Tochter Kirsten, Enkelin Laura, Urenkelin Leni Marie und viele Freunde. Ihr Mann Wilhelm starb 2016. Wie schwer die Zeit war, als er an Parkinson erkrankte, als er erblindete und sich in seinem Wesen auch veränderte, sie macht daraus keinen Hehl. Überhaupt öffnet sie ihr Herz in ihren Briefen. Als Wilhelm krank wurde, haben beide sogar noch kirchlich geheiratet. Und dann mietete sie sich mit ihm zusammen ins Pflegeheim ein und begleitete ihn all die schweren Tage, sodass er in ihren Armen starb.

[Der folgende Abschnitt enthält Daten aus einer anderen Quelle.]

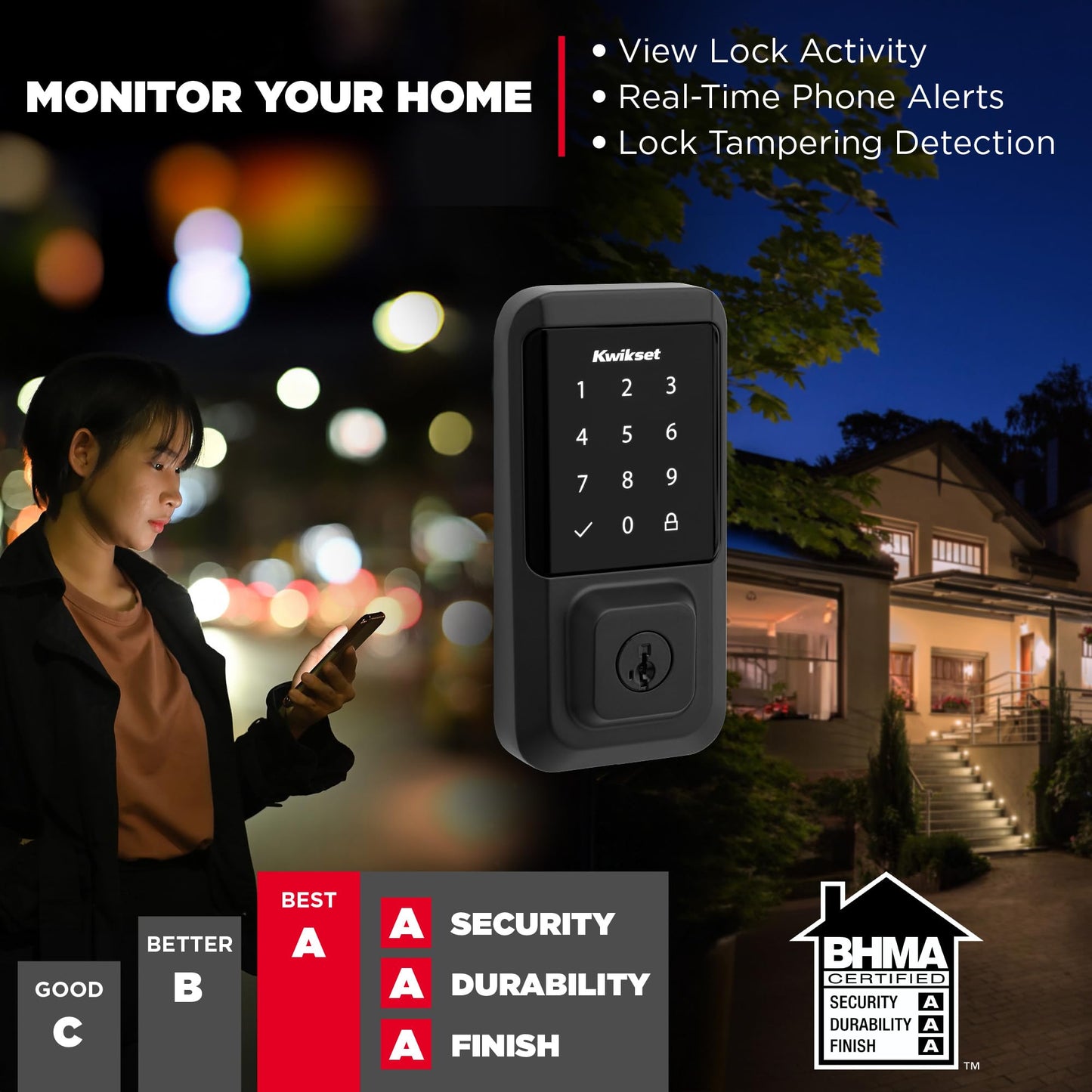 Kwikset Halo Wi-Fi Smart Lock, Keyless Entry Front Door Touchscreen Deadbolt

Wie Älterwerden auch tapfer sein bedeutet, erfahren wir beim Lesen. Und wie diese Tapferkeit wächst, indem man sich nicht in sich verkriecht, sondern anderen Menschen Zuspruch spendet. Das ist Gisela Steineckerts große Gabe: Andere ganz nah an sich heranzulassen, sich ihnen zu öffnen, ja in sie hineinzublicken. Davon leben auch ihre Gedichte und Lieder, die sie Sängerinnen und Sängern sozusagen auf den Leib geschrieben hat. 4000 Liedtexte, über 40 Bücher, zu DDR-Zeiten noch zehn Filmszenarien und fünf Hörspiele hat sie verfasst. Jürgen Walter, Dirk Michaelis, Veronika Fischer, Frank Schöbel – sie alle sind hier noch einmal versammelt, zusammen mit Egon Krenz, Walter Kaufmann[1] und anderen.

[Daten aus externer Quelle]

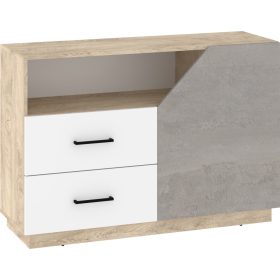   Pax 120 komód 1 ajtó 2 fiók - Endgrain tölgy - Fehér - Beton szürke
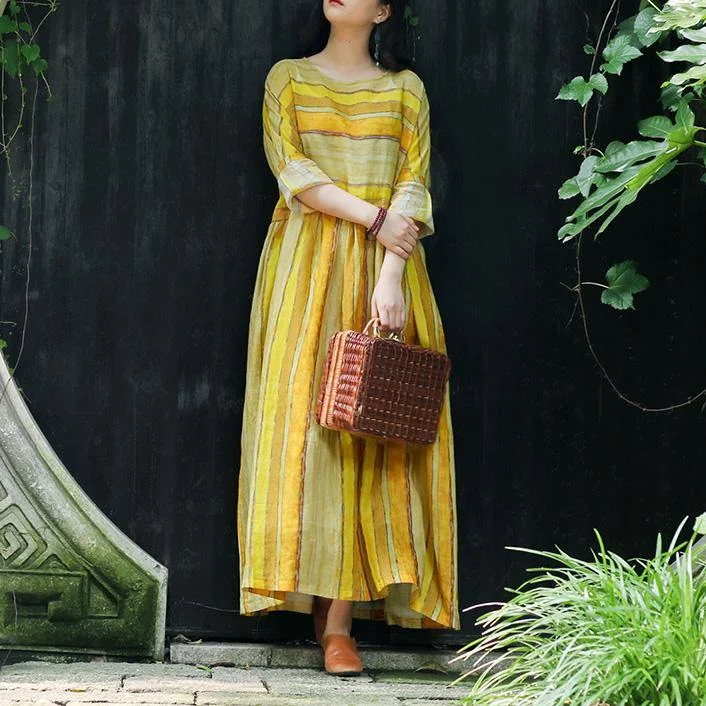 Style O-neck Pockets Linen Clothes Stylish Sleeve Yellow Striped Cotton Dress Summer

Das ist Gisela Steineckerts große Gabe: Andere ganz nah an sich heranzulassen, sich ihnen zu öffnen, ja in sie hineinzublicken.
Tonnenweise Papier hätten sie zusammen gesichtet, sagte Laura am Telefon. So eine Fülle an Material, das sonst brach gelegen hätte und das immer wieder zu sortieren war. Gisela Steineckert hat ja Tausende von Briefen geschrieben. Ein ganzes Leben ist darin. Die elende Kindheit mit einem trinkenden Vater und einer unzuverlässigen Mutter, die Kraft schon des kleinen Mädchens, daran nicht zu zerbrechen, sondern für sich zu lernen, wie sie alles anders machen würde. Sie gehört zu jenen, die den Krieg noch erlebt haben. Die also auch wissen, was das bedeutet und den »Einfachen Frieden«, wie ein besonders eingängiges Lied von ihr heißt, für so wichtig halten wie nur irgendwas. Die Zeit in der DDR mit Singebewegung[2], im Komitee für Unterhaltungskunst – immer wieder macht sie sich über die politischen Veränderungen seither Gedanken. Unablässig blitzen Erinnerungen auf, die man beim Lesen auch sortieren muss. Stets hat sie ihre Meinung gesagt: »Dass ich mich immer getraut habe, ganz zu leben und vor fast keinem Risiko zurückzuschrecken«, gibt ihr auch heute Kraft. »Ohne meine Irrtümer, ohne meine Erfahrungen, ohne meinen lebenslangen Blick und nimmermüdes Interesse an anderen Menschen, nur aus der Bildung heraus, das hätte nicht zugereicht.«
Briefbände von ihr hatte es schon 1984 und 1998 gegeben. Da schließen sich nun die Jahre von 1999 bis 2023 an. Das war wichtig, meint Laura, weil es ein Stück Zeitgeschichte ist und dieses Projekt ihr auch gut getan hat. Vom »Glücksgefühl des Erzählens« spricht sie und manchmal auch von Überforderung. Umarmungen in Gedanken. Eine liebevolle Ratgeberin ist sie. »Wenn ich etwas für dich tun kann, dann lass es mich wissen« – was sie schreibt, habe ich auch mehrmals von ihr gehört.
Wir haben ja 2013 ein Gesprächsbuch zusammen gemacht: »Das Leben hat was«. Inzwischen ist es auch antiquarisch ausverkauft. Wie viele es gerne in ihren Händen hätten, höre ich immer wieder. Und ich flehe den Verlag an, es wieder aufzulegen. »Ich habe kein Ich für das Nichtstun entwickelt«, lese ich in ihrem Brief vom 16. Mai 2015 an mich. »Wenn ich nicht tätig bin, und sei es, dass ich in karger Zeit lese, dann bin ich niemand, dann verliere ich alles, was mich trägt, was neue Kraft aus mir herausholt, was Schmerzen vorübergehend wegnimmt, und was mir das Gefühl gibt, lebendig zu sein.« Also möge nach diesem Buch schon ein neues Projekt am Horizont auftauchen.
Gisela Steineckert: Wegen damals und heute. Neues Leben, 303 S., geb., 20 €.